La victimología moderna considera que existen ciertos casos de las llamadas “víctimas ideales” que son aquellas cuya victimización es totalmente aleatoria, sin que el sujeto pueda intervenir de forma consciente o inconsciente por acción u omisión en el acto delictivo que sufre. Son ejemplos de este tipo de victimas aquellos que se encontraban en un lugar y en un momento desafortunados y que por puro azar se cruzan en el camino del delincuente o las victimas indiscriminadas como, por ejemplo, las víctimas del terrorismo.
En otras ocasiones, la víctima puede tener cierto papel en el delito porque, por no haber tomado ciertas precauciones elementales, ha facilitado que el delito se cometa. Es lo que se conoce como “victimas infungibles”. Esto no significa en absoluto que estas víctimas sean responsables o culpables de serlo, pero es innegable que ciertas actitudes del individuo hacen más probable que se convierta en víctima de un delito.
Imaginemos que yo deseo dejar la puerta de mi casa abierta. Probablemente pasarán muchas personas a quienes les resultará curiosa mi actitud; otras, quizá, sentirán lástima por mí, al adivinar mis posibilidades de sufrir un delito; pero bastará con que un día pase alguien predispuesto a robar para que, a la vista de las facilidades que le ofrezco, decida intentarlo y, muy probablemente, lo logre. Y yo tengo todo el derecho legal del mundo a dejar mi puerta abierta y a que, a pesar de ello, no entre nadie en mi casa, y si alguien me roba sólo él es culpable del delito que ha cometido pero, a pesar de todo, yo sufriré el delito y, probablemente, lo hubiese evitado con tan solo cerrar la puerta.

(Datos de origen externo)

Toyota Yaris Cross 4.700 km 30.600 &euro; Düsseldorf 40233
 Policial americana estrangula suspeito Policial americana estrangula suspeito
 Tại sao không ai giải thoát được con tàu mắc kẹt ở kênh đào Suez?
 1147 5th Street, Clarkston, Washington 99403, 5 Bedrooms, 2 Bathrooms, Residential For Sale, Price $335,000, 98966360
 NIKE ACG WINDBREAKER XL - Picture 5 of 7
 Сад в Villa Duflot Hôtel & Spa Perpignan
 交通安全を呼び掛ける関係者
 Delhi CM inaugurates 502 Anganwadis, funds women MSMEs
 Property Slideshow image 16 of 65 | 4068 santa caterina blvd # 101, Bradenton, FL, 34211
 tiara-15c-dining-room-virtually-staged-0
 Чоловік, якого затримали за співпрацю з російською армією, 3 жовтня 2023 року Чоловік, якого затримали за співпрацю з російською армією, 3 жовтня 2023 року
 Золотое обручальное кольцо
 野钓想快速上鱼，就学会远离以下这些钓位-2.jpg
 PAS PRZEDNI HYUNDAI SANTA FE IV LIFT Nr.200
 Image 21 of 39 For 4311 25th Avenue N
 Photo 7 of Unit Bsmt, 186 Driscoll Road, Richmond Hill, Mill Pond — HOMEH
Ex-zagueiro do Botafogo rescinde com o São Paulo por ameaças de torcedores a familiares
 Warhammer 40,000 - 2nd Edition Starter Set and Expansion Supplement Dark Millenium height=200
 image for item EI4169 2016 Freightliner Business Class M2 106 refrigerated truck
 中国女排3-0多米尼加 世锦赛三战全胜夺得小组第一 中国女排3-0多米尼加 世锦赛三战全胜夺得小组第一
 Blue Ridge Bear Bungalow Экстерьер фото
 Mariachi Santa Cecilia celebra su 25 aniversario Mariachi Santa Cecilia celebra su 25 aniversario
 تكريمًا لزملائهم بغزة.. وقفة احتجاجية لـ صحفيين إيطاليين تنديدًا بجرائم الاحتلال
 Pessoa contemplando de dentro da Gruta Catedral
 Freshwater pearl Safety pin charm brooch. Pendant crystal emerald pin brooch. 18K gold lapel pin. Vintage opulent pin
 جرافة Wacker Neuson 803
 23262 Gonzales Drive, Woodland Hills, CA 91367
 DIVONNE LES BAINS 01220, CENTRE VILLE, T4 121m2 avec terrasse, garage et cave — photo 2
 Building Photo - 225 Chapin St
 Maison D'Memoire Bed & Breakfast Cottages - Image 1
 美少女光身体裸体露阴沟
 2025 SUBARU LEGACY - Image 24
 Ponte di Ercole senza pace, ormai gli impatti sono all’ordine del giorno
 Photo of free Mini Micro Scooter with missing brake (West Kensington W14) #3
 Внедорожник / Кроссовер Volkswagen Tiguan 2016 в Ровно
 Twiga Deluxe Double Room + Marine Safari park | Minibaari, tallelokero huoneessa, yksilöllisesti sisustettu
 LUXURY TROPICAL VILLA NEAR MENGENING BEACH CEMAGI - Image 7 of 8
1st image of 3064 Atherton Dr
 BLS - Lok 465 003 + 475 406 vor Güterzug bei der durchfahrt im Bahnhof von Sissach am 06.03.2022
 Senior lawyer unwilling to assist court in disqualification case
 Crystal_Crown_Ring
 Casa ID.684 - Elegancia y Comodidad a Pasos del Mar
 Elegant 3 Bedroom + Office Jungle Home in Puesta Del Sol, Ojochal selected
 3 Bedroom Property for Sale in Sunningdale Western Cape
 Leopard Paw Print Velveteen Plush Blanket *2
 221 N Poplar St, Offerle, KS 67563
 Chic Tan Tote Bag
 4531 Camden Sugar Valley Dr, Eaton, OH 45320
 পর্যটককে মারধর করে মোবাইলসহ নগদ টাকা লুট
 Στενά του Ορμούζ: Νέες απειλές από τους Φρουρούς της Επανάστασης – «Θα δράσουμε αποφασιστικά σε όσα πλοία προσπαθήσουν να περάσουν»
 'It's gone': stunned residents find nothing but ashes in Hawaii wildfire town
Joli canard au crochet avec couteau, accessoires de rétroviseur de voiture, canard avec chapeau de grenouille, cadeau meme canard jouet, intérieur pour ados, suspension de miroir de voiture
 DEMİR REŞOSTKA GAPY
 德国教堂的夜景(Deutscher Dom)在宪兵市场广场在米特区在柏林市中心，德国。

Todo esto viene a colación de una canción feminista de origen chileno, pero que se ha extendido por muchos lugares, y que dice “Y la culpa no era mía, ni donde estaba ni cómo vestía. El violador eras tú”. Obviando las consideraciones morales (para mí muy importantes), ciertamente una mujer puede tener derecho legal a vestir provocativa y a estar en el lugar que quiera, incluidos los lugares tradicionalmente considerados como “de riesgo” y a la hora que desee. Y probablemente se cruzará a muchos hombres que le miren con curiosidad o incluso atracción, y otros sentirán lástima por ella por el riesgo que asume o por su triste alma desviada, pero bastará con que un día se cruce a un desequilibrado mental predispuesto a agredirla sexualmente para que ocurra lo indeseado. Y la culpa será solo del agresor pero, a pesar de ello, será la mujer quien sufra toda la vida las consecuencias de tal situación. Entonces ¿no hubiese sido mejor evitarlo?
Al fin y al cabo ¿no es siempre mejor dejar la puerta cerrada?